Mlliyet Milliyet Blog Milliyet Blog
 
Facebook Connect
Blog Kategorileri
 

16 Temmuz '09

 
Kategori
İnançlar
 

Kader 6. bölüm

Çünkü İnsan kaderini kendi aklı ile yazar. Yani kul, kaderini aklını kullanma yeteneği ölçüsünde kendi iradesiyle oluşturup yaşadığı bu hayatı güzelleştirerek yaşayabilir. Bu çerçevede oluşacak kaderlerin oluşum çoğunluğu kendi aklî irademize bağlı olduğundan sonuç olumlu yada olumsuz (iyi – kötü şeklinde de) olabilir.

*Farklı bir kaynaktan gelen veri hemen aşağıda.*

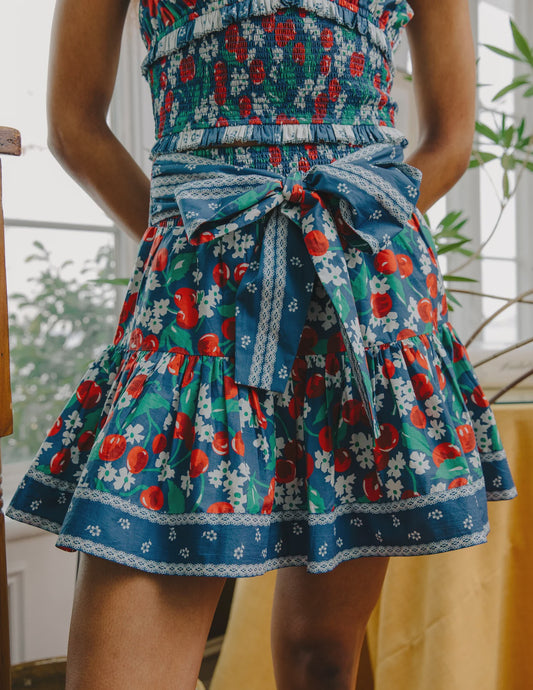 Ruby Skirt - Miss Cherry Print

Hani bazen kendi kendimize söylenip dururken deriz ya! Yine kör şeytana uyup cahilce hata ettik. Yada bu gün şansımız yaver gitti güzel bir iş yaptık. İşte kader denilen şey, bazen bu iki örnekte olduğu gibi bir şey.

Bazen kader, sonradan pişmanlığın fayda etmeyeceği bir anlık bir şeyde olabilir. Artık iş işten geçmiştir. Yapılacak hiçbir şey yoktur. Keşkeler hiçbir işe yaramaz. Çünkü zaman dilimi geçmiştir. Keşkeleri eksek de artık ürün vermez. Bu yapılan hatanın bedelini er yada geç ödemek zorundayız. Artık yapılan hatadan geri dönüş olmadığı için ödeyeceğimiz bedel de bizim hayatımız içinde yaşanılan kaderimiz olacaktır.

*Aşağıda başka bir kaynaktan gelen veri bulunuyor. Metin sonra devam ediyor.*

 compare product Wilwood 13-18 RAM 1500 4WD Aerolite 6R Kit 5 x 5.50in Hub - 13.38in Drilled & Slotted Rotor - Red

Bu nedenle aldığınız her karardan Önce, (kendinize, sonra yakınlık sırasına göre dünyadaki bütün insanlara ve Allah’a karşı sorumlu olduğunuzu hiçbir zaman akıldan çıkarmadan yaşayınız.) dünyada yaşarken kendinize, daha sonra da Allah’a karşı verdiklerinden dolayı O’na karşı sorumlusunuz. Çünkü aldığınız her kararın sonucu er geç size ödül yada ceza olarak dönecektir. Bu da size sonunda ya mutluluk yada hüzün verecektir.

Oluşacak hüznün hepsi olmasa da en azından sizin için önem arz edecek büyük bir kısmını belki de bu gün için mutluluğa çevirebilme şansınız olabilirdi. Ne dersiniz. Yaptığınız hatalarınızı, bu gün düşündüğünüzde, yani pişmanlık duyduğunuzda, keşke o zaman aklımı şöyle – böyle kullansaydım da. Şunları – bunları şöyle – böyle yapsaydım! Keşke, bu kadarı da başıma gelmezdi. Dediğiniz elbette olmuştur. Öyle değil mi?

O halde zamanında küçümsediğiniz birçok hatalarınızdan doğan, geçmişte yaşadığınız hayata yönelik olumsuzluklarınız, bu gün için size olumsuz, kötü kader olarak dönmüştür. Bunda hiç kimsenin kusuru, suçu yoktur.

Kusur ve suç işleyenler sizin kendinize oluşturduğunuz kötü kaderi yazıp oluşturmanızda ancak size sebep olmuşlardır.

Onun için başkalarını suçlamaya hakkınız yoktur. Oluşmuş olan geçmişteki tüm suç ve kusurlar sizindir. Çünkü onları siz, kendi özgür akli iradenizle, kendi ellerinizle kader olarak oluşturup yazdınız. Sonrada yaşadınız. Öyle değil mi?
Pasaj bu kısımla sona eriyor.